On what we now refer to as Palm Sunday, Jesus arrived in Jerusalem with the crowd shouting, “Hosanna” because they thought Jesus was going to set things right. In this, they were disappointed. Jesus knew that His time for reigning in Jerusalem hadn’t come yet, and Christ’s passionate journey meant He would not cut any corners!
Before Jesus left Jerusalem that Sunday evening, Mark noted that “He looked around at everything.” He didn’t respond right away to what He saw. This is very important to note because we shouldn’t think that His response on Monday was something spontaneous. No, it was planned out in specific detail.
On Monday morning, Jesus prepared to make the 2-mile trip from Bethany to Jerusalem. The Gospels note quite frequently the amount of time Jesus spent in prayer, including beginning His day in conversation with His Father (see Mark 1:35). On this morning, He must have talked with His Father about everything He had seen in Jerusalem the day before.
En route to Jerusalem, Jesus encounters a fig tree that gives every appearance of life and vitality. It looks like it’s ready to serve people, but upon closer inspection, Jesus discovers that there is no fruit on it. He curses the tree for its deceptive outward appearance. This is definite foreshadowing for what’s about to happen!
Jesus enters the temple and begins to drive out merchants, and moneychangers, and dove sellers. He roars at them, “God says this is to be a place of prayer for all nations, but you have turned it into a den of robbers!” (see Matthew 21:12-17; Mark 11:15-19; and Luke 19:45-48).
The phrases house of prayer and den of robbers are direct quotations from Isaiah and Jeremiah, respectively (Isaiah 56:3-7; Jeremiah 7:1-11), but what do they mean?
- The Court of the Gentiles was open to all people, foreigners included.
- The Women’s Court was open to all Jews and, their “uncontaminated” wives.
- The Court of Israel was limited to male Jews who were clean and purified.
- The fourth court was the Holy Place limited to priests robed in their priestly vestments.
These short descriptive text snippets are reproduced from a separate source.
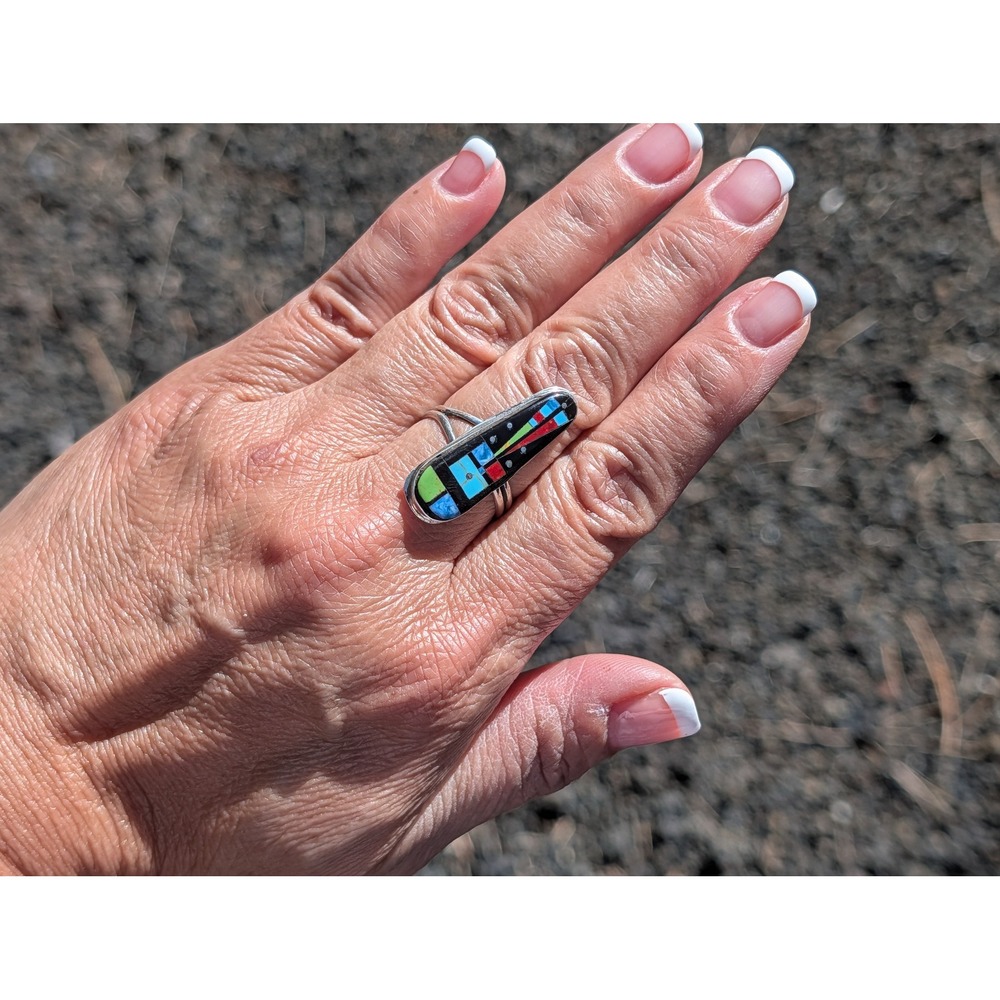 Handmade Zuni Inlay Ring by Gilbert Smith Adjustable Sterling Silver Night Day - Picture 8 of 9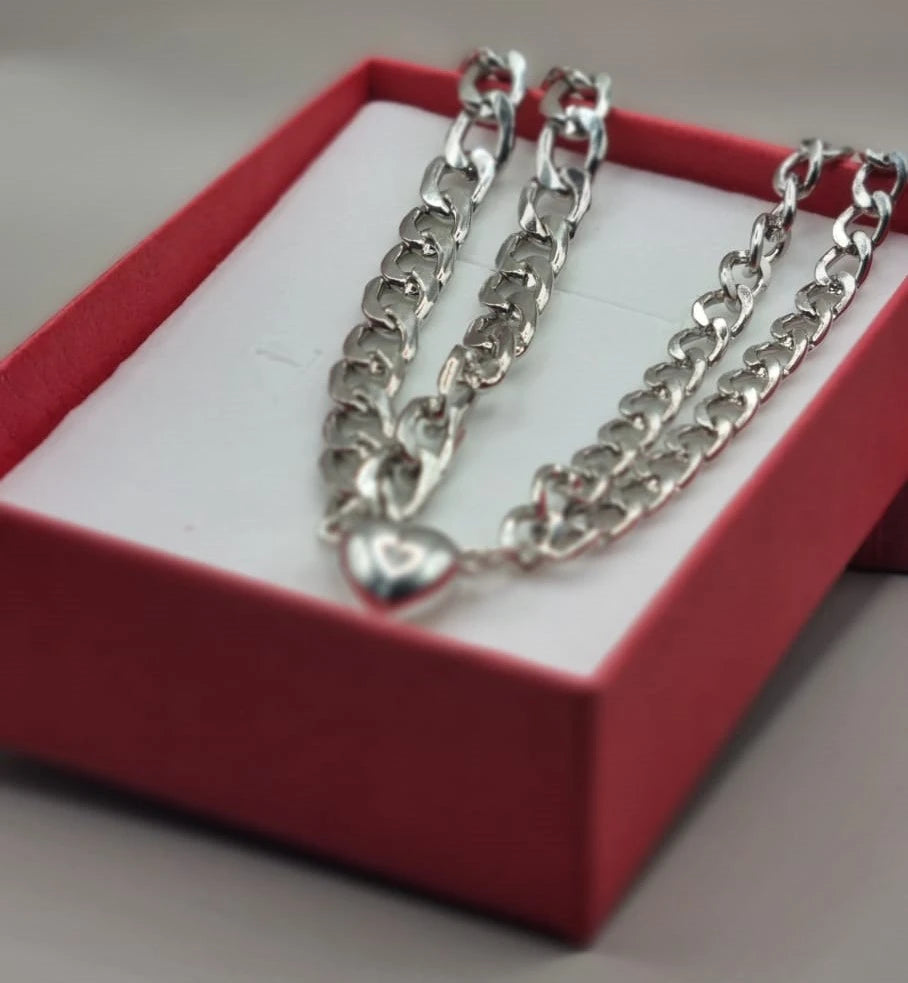 Magnetic Heart Couple Bracelet Set | Stainless Steel Mutual Attraction | Valentine's Gift for Her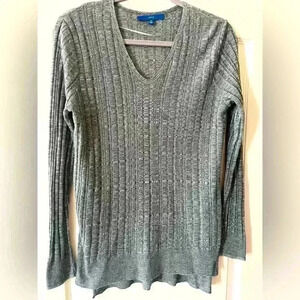 APT. 9 Gray Acrylic Sweater Ribbed Women’s Size Medium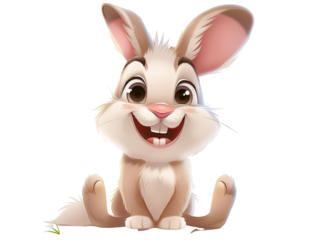 a cartoon rabbit sitting on grass
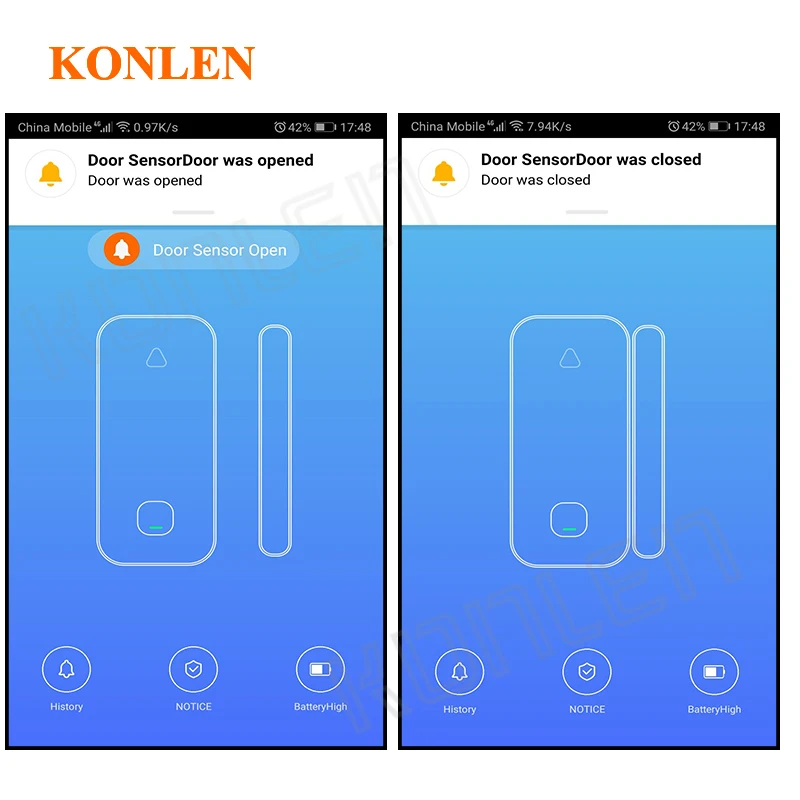 Беспроводная сигнализация для открытия окна KONLEN Tuya Φ Smart Life магнитный детектор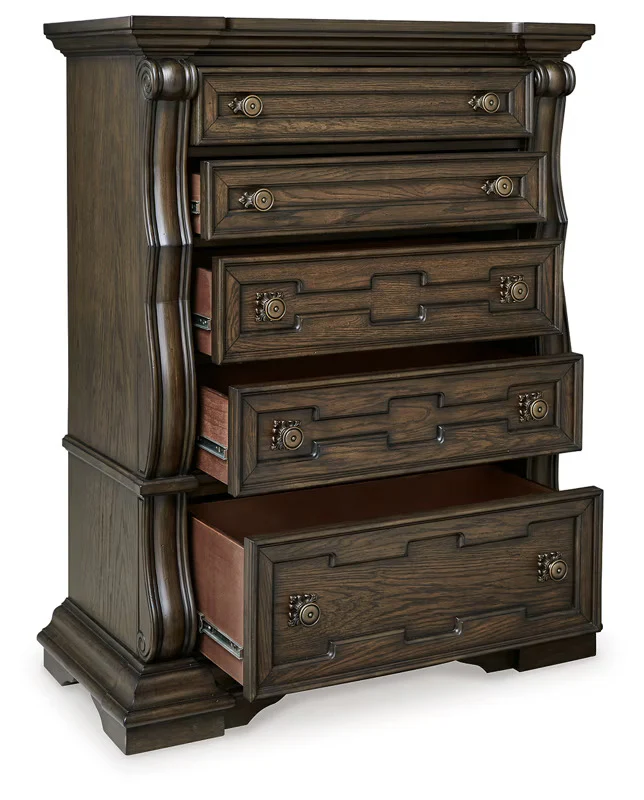 Maylee - Dark Brown - Five Drawer Chest - Image 3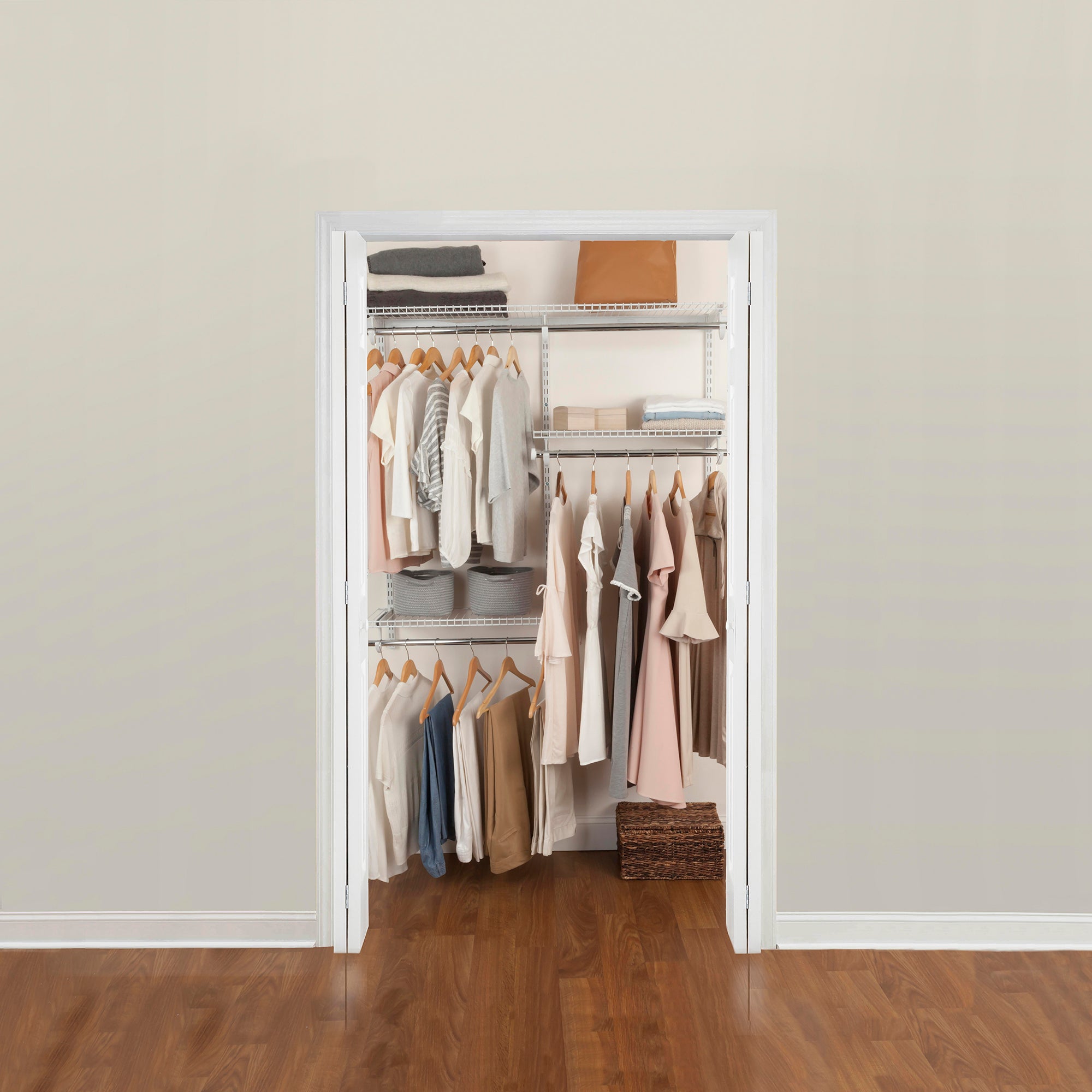 Rubbermaid FastTrack 4 to 8' & 6 to 10’ Wire Closet Configuration Storage Bundle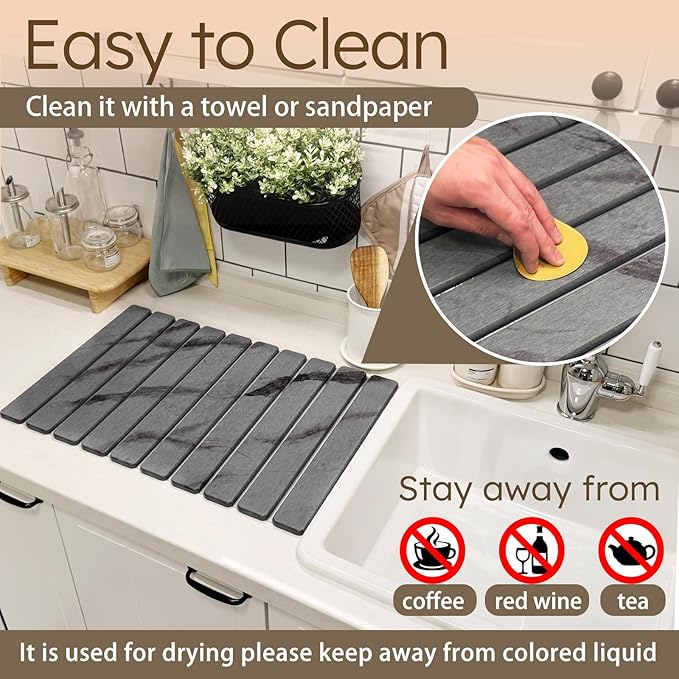 Large Stone Dish Drying Mat for Kitchen Counter Collapsible Marbled Quick-Dry Diatomaceous Earth Mat with Dish Rack and Towel Versatile Drying Mats for Kitchen Utensils (Dark Gray 23.6×15.4)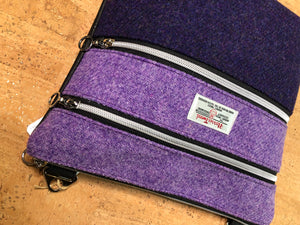 Triple Zipper Cork and Harris Tweed Cloth Cross Body Bag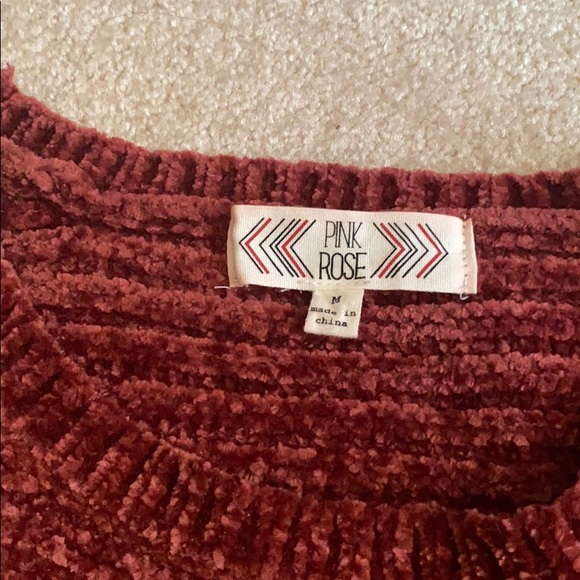 “pink rose” burgundy/rust colored sweater - Picture 3 of 3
This buying and selling was undoubtedly happening in the Court of the Gentiles. As the Passover was approaching, people from all over the world were here—some purchasing animals to use as sacrifices, and some exchanging their foreign money for Israelite money for the temple tax.
There was a lot of hustle and bustle, but very little worship. This is what angered Jesus. The activity in the temple was like the fig tree He cursed—it looked like it was fruitful, but that was merely outward deception.
Were the merchants exploiting people? Perhaps. But they were certainly occupying the only space where non-Jews could worship. They were certainly becoming a distraction to any true worship activities. They were clearly becoming the main attraction.
There are two important lessons in this outburst that Jesus gives to all His disciples:
- As our Christlikeness increases, our intolerance of religious showmanship should increase.
- As our Christlikeness increases, our intolerance of unrighteousness should increase—both a greater hate for sin and a greater love for sinners!
“Let the zeal of the house of the Lord ever eat you up. For example: do you see a brother running [toward sin]? Stop him, warn him, be grieved for him, if the zeal of God’s house has now eaten you up. Do you see others running and wanting to drink themselves drunk? Stop whom you can, hold whom you can, frighten whom you can; win in gentleness whom you can: do not in any way sit still and do nothing.” —Augustine
Christ’s passionate journey was out of love for us. Which means He hates anything that keeps us from His Father.
If you know God’s love, be zealous about those things that keep others from coming in to know God’s love for themselves. Not angry at people, but angry at practices and “religious shows” that hinder people from knowing God’s love like you know God’s love.